Update Date: Oct 26, 2015 06:09 PM EDT

Saying "thank you" may be the secret to ever after, according to a new study.

New research reveals that couples to say "thank you" more often are more satisfied and less likely to divorce compared to their less appreciative counterparts. Expressions of gratitude also helped boost marital commitment by dampening the negative effects of conflict between spouses.

"We found that feeling appreciated and believing that your spouse values you directly influences how you feel about your marriage, how committed you are to it, and your belief that it will last," study co-author Ted Futris, an associate professor in the College of Family and Consumer Sciences, said in a news release.

Further analysis revealed that expression of gratitude significantly and consistently predicted marital quality among 468 married individuals.

"It goes to show the power of 'thank you,'" explained lead author Allen Barton, a postdoctoral research associate at UGA's Center for Family Research, according to a statement. "Even if a couple is experiencing distress and difficulty in other areas, gratitude in the relationship can help promote positive marital outcomes," Barton said. 

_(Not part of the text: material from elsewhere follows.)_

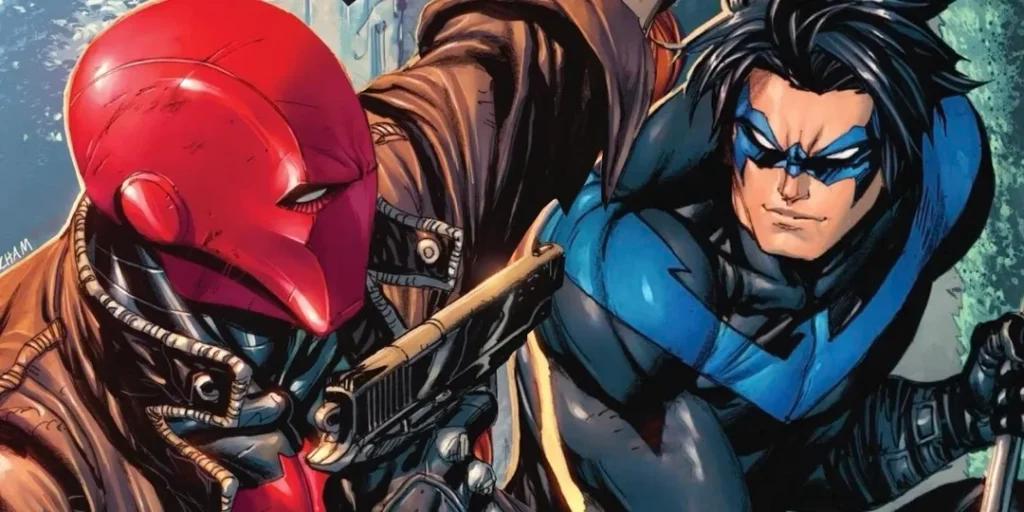 what does red hood do better than nightwing v0 tdwnilrfli3c1 1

The latest findings also suggest that "expressions of gratitude and appreciation" can boost marital stability by dampening the negative effects of demand/withdrawal conflict patterns.

"We found that when couples are engaging in a negative conflict pattern like demand/withdrawal, expressions of gratitude and appreciation can counteract or buffer the negative effects of this type of interaction on marital stability," Futris explained.

"This is the first study to document the protective effect that feeling appreciated by your spouse can have for marriages," Barton concluded. "We think it is quite important as it highlights a practical way couples can help strengthen their marriage, particularly if they are not the most adept communicators in conflict."

The findings are published in the journal Personal Relationships.